> **Aim of the exercise**: The copy you return must match the listing word for word and carry no pictures.

> **Stored data**:
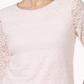 Charter Club Top feminino de renda pequena com manga 3/4, rosa, tamanho pequeno GG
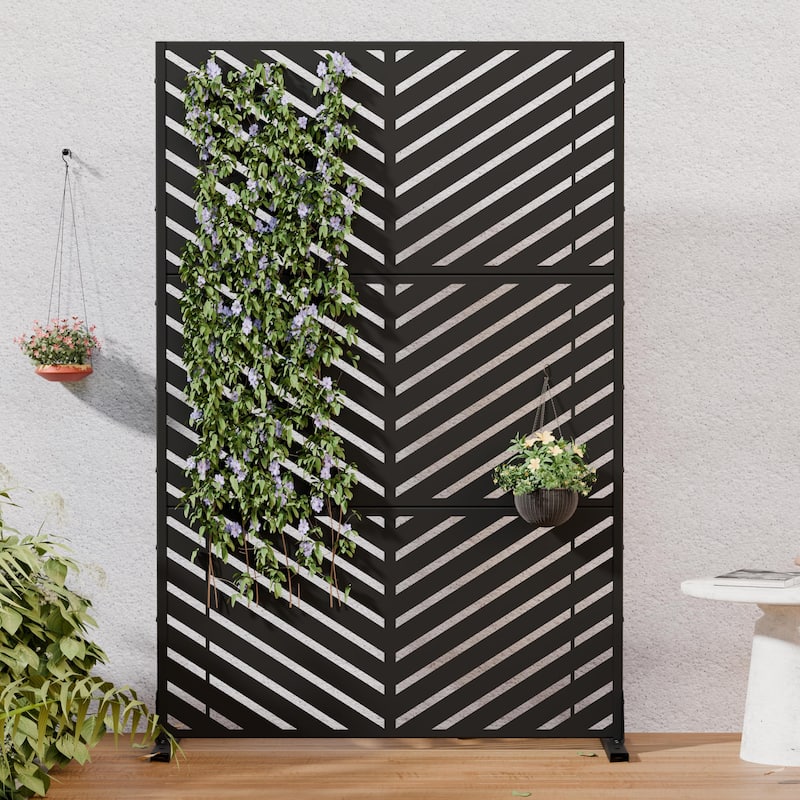 Outdoor Privacy Screen 2-Panel Chevron Metal Privacy Fence with Wind-Resistant Base Durable Decorative Divider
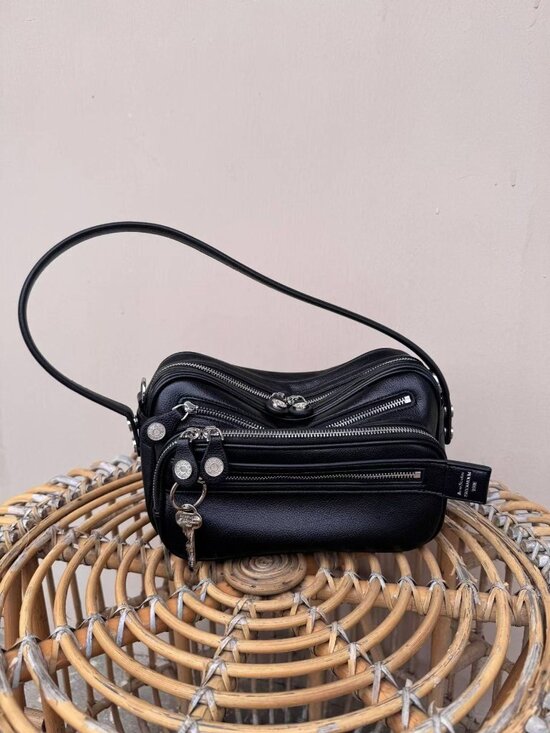 Acne Studios Handbags - Acne Studios Multipocket Black Multi-Pocket Biker-Style Shoulder Bag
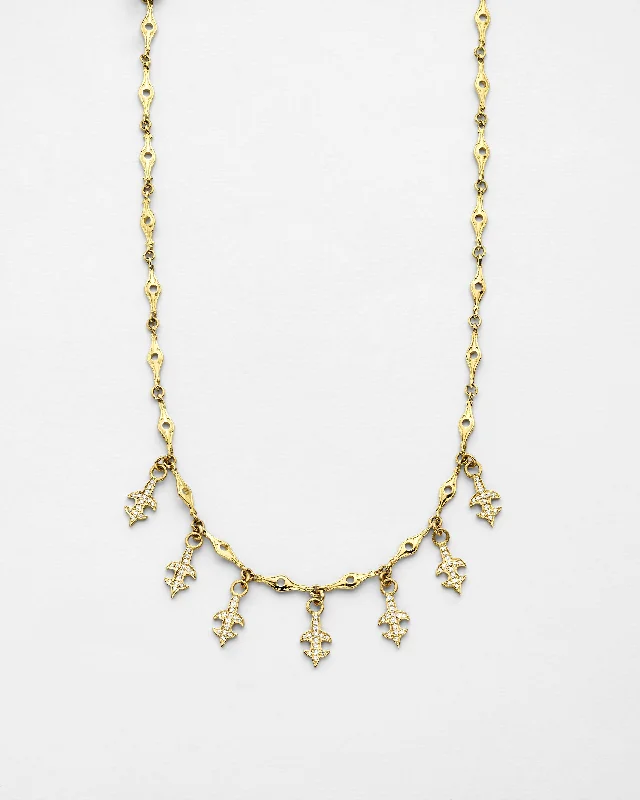 minimalistic gold necklaces for women -Libertine Multi Fleur de Lis Necklace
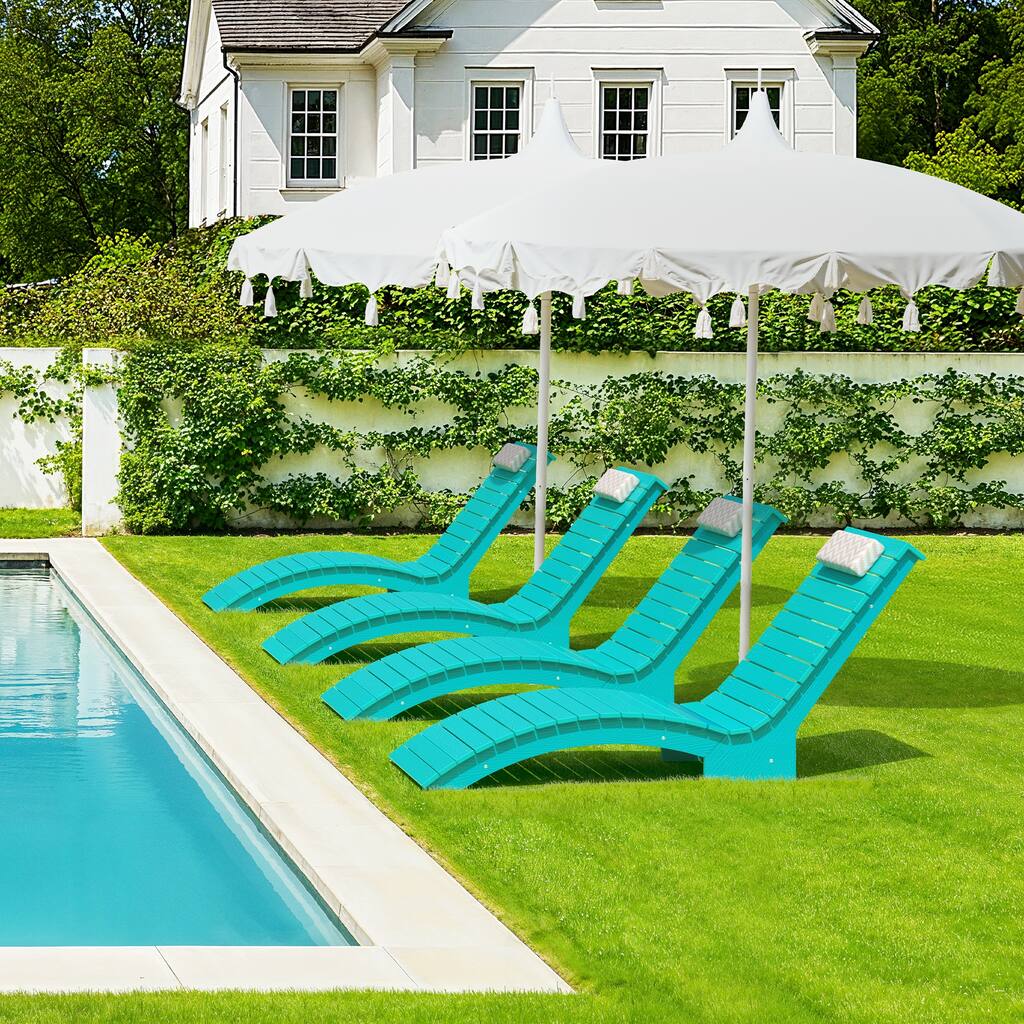 HDPS Pool Lounge Chairs Set of 4, Use in Pools Lounge Chairs, Chaise Chairs with Headrest, Lounge Chair Outdoor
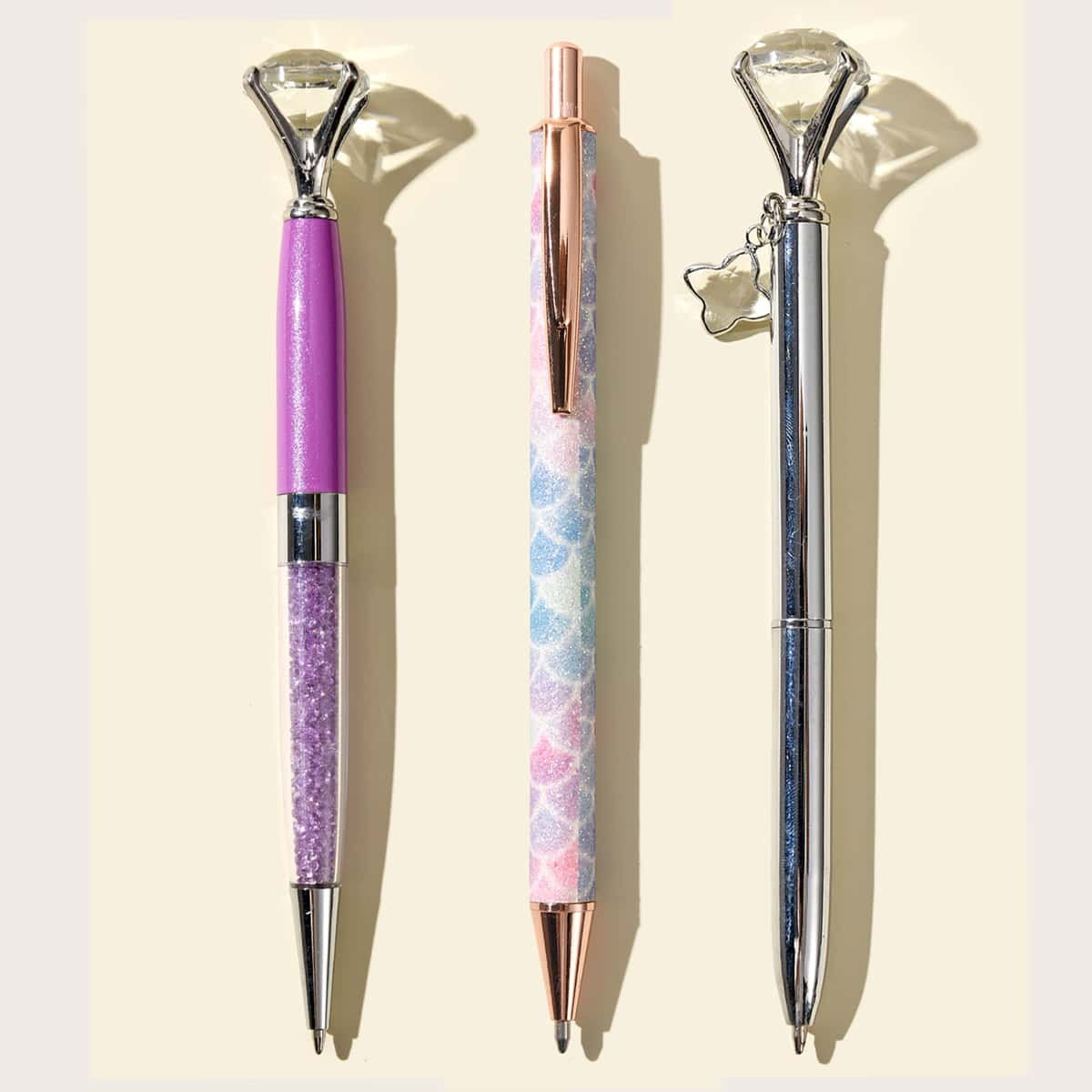 

3pcs Diamond Ballpoint Pen Set, Black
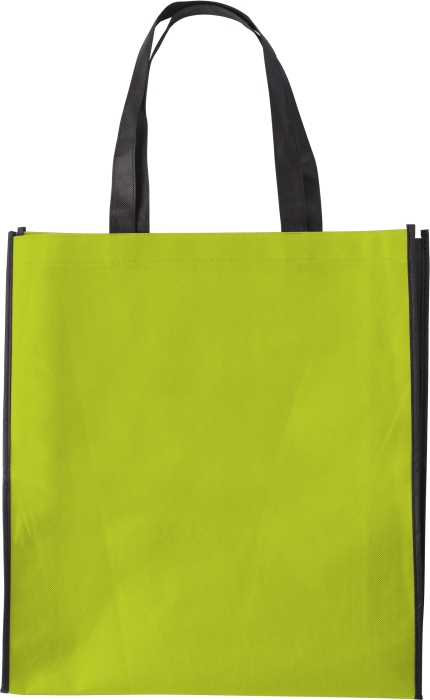 ASUKA Nákupní taška z netkané textilie s černými boky, sv. zelená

> **Response area**:
 Charter Club Top feminino de renda pequena com manga 3/4, rosa, tamanho pequeno GG
 Outdoor Privacy Screen 2-Panel Chevron Metal Privacy Fence with Wind-Resistant Base Durable Decorative Divider
 Acne Studios Handbags - Acne Studios Multipocket Black Multi-Pocket Biker-Style Shoulder Bag
 minimalistic gold necklaces for women -Libertine Multi Fleur de Lis Necklace
 HDPS Pool Lounge Chairs Set of 4, Use in Pools Lounge Chairs, Chaise Chairs with Headrest, Lounge Chair Outdoor

3pcs Diamond Ballpoint Pen Set, Black
 ASUKA Nákupní taška z netkané textilie s černými boky, sv. zelená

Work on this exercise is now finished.